Segundo a acusação, as provas são formadas por vídeos, entrevistas, publicações em redes sociais e mensagens extraídas de aparelhos apreendidos durante as investigações.
A PGR argumentou que o conjunto probatório demonstra a existência de grave ameaça dirigida a autoridades que atuam em processos judiciais, com o objetivo de favorecer interesse alheio, razão pela qual requereu a procedência integral da ação penal.
Defesa
Em sustentação oral, o defensor público federal Esdras Carvalho pediu a anulação do processo e a absolvição de Eduardo Bolsonaro. A defesa sustentou que a citação por edital foi irregular, que o processo deveria ter sido suspenso após a ausência do acusado e que Alexandre de Moraes estaria impedido de atuar no caso.
No mérito, argumentou que não houve grave ameaça nem dolo para caracterizar coação no curso do processo, afirmando que as manifestações de Eduardo Bolsonaro se limitaram à atuação política, estando protegidas pela liberdade de expressão e pela imunidade parlamentar.
Voto do relator
O ministro Alexandre de Moraes rejeitou todas as preliminares apresentadas pela defesa, afastando as alegações de impedimento, nulidade da citação por edital e necessidade de suspensão do processo.
Para o relator, Eduardo Bolsonaro tinha pleno conhecimento da investigação, da denúncia e dos atos processuais, acompanhando-os publicamente por meio de entrevistas e redes sociais, de modo que não poderia se beneficiar da própria conduta ao permanecer no exterior para evitar a citação pessoal.
No mérito, Moraes entendeu que ficou comprovada a prática do crime de coação no curso do processo. Segundo o ministro, Eduardo Bolsonaro e Paulo Figueiredo promoveram reiteradas ameaças e pressões contra ministros do STF e outras autoridades, buscando influenciar o andamento da AP 2.668, que julgava Jair Bolsonaro e outros acusados por tentativa de golpe de Estado.
Para o relator, as manifestações extrapolaram o campo da liberdade de expressão e configuraram atos concretos destinados a constranger a atuação da Justiça.
Confira:
Moraes destacou que as próprias declarações públicas do acusado demonstrariam o vínculo entre as sanções defendidas nos Estados Unidos e a tentativa de obter benefícios para o pai.
O ministro afirmou que o conjunto probatório, formado por vídeos, entrevistas, postagens e documentos produzidos pelos próprios investigados, comprovou a autoria e a materialidade dos fatos.
Assista:
Ao final, votou pela procedência da ação penal para condenar Eduardo Bolsonaro pelo crime de coação no curso do processo, em continuidade delitiva.
Demais votos
O ministro Cristiano Zanin acompanhou integralmente o relator, Alexandre de Moraes. Ao rejeitar as preliminares da defesa, ressaltou que Eduardo Bolsonaro tinha pleno conhecimento da ação penal, o que afastaria qualquer irregularidade na citação por edital.

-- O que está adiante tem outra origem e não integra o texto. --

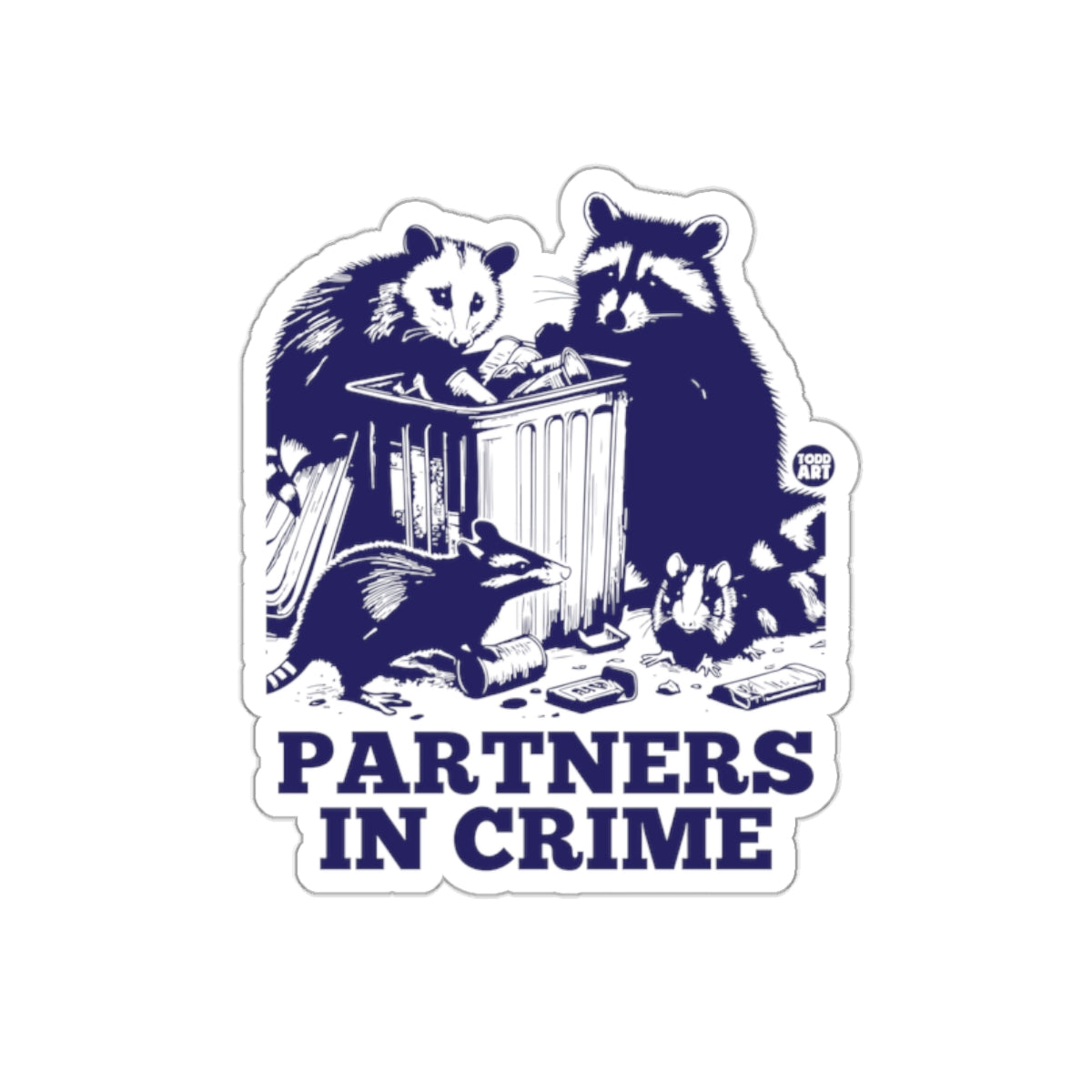 Partners In Crime Raccoon Opossum and Rats Funny Art sticker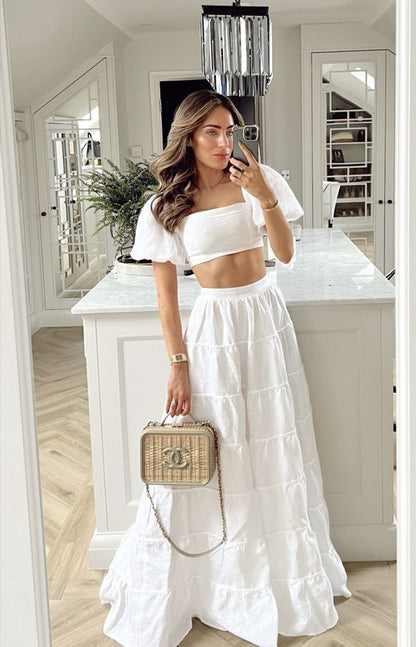 Élégante robe de bal longue blanche 2 pièces pour 22e anniversaire P2140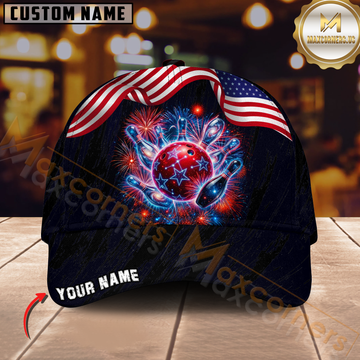 Maxcorners Bowling USA Flag Fireworks Personalized Name 3D Cap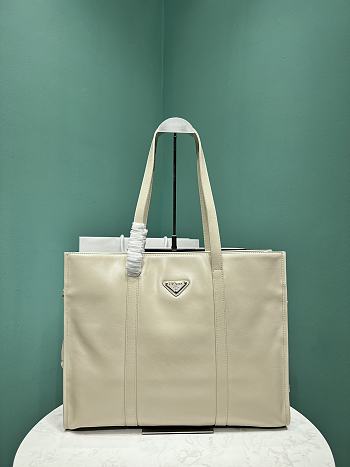 Okify Prada Glossy White Large Tote Bag 38x30x12cm 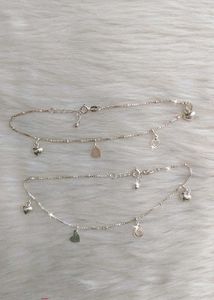 92.5 silver charming anklet with hallmark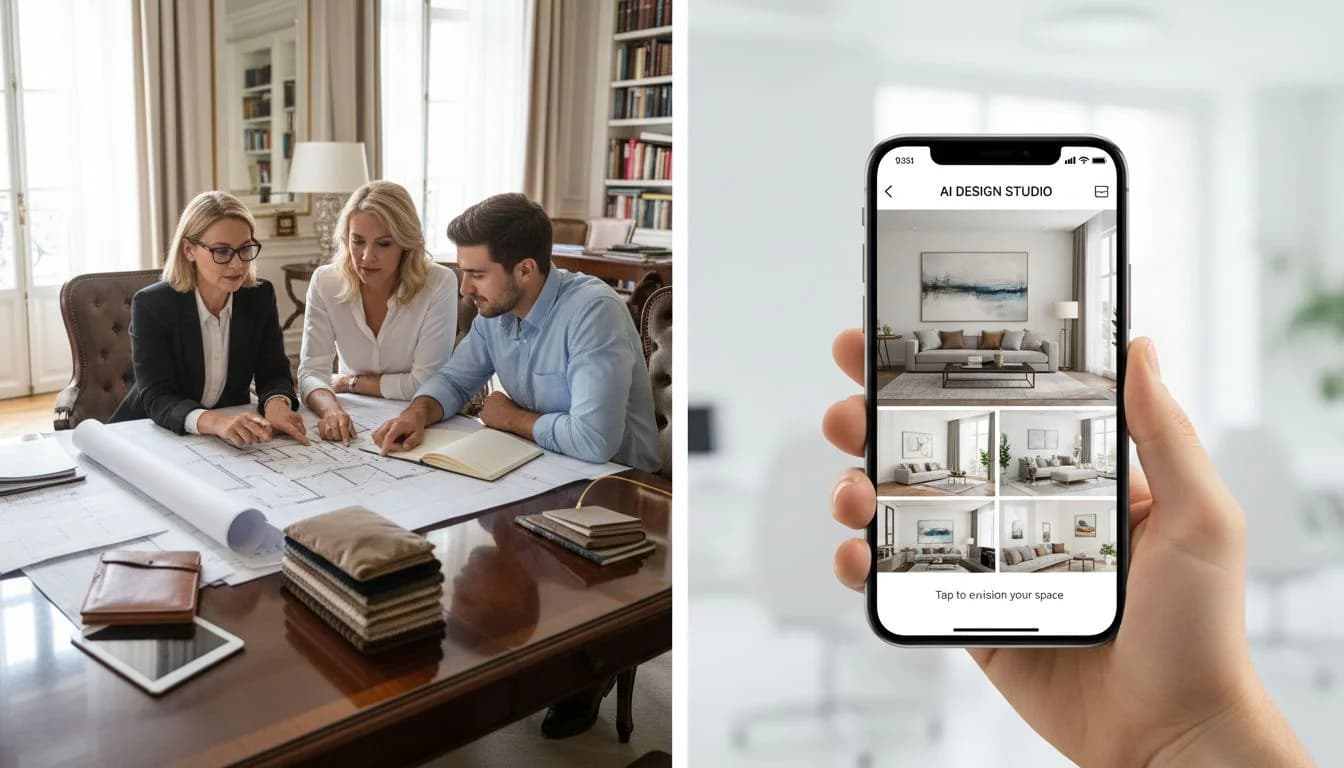 Comparison between AI interior designer app and traditional interior designer consultation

No mérito, considerou que vídeos, entrevistas e publicações atribuídos ao réu evidenciam a tentativa de constranger autoridades e interferir na tramitação de processos relacionados ao ex-presidente Jair Bolsonaro.
A ministra Cármen Lúcia também votou pela condenação. Para ela, o caso revela uma forma contemporânea de coação contra a atividade jurisdicional, potencializada pelo uso de redes sociais e pela ampla divulgação das mensagens.
Segundo a ministra, as manifestações do acusado tiveram o propósito de pressionar os julgadores da AP 2.668 e ultrapassaram os limites da liberdade de expressão.
Já o ministro Flávio Dino destacou que a independência do Poder Judiciário exige proteção contra tentativas de intimidação. Após afastar as teses processuais da defesa, afirmou que a autoria e a materialidade dos fatos estavam demonstradas pelas próprias declarações públicas de Eduardo Bolsonaro.
Na avaliação do ministro, o conjunto probatório revela uma atuação voltada a influenciar o julgamento em benefício de terceiros, enquadrando-se no crime de coação no curso do processo.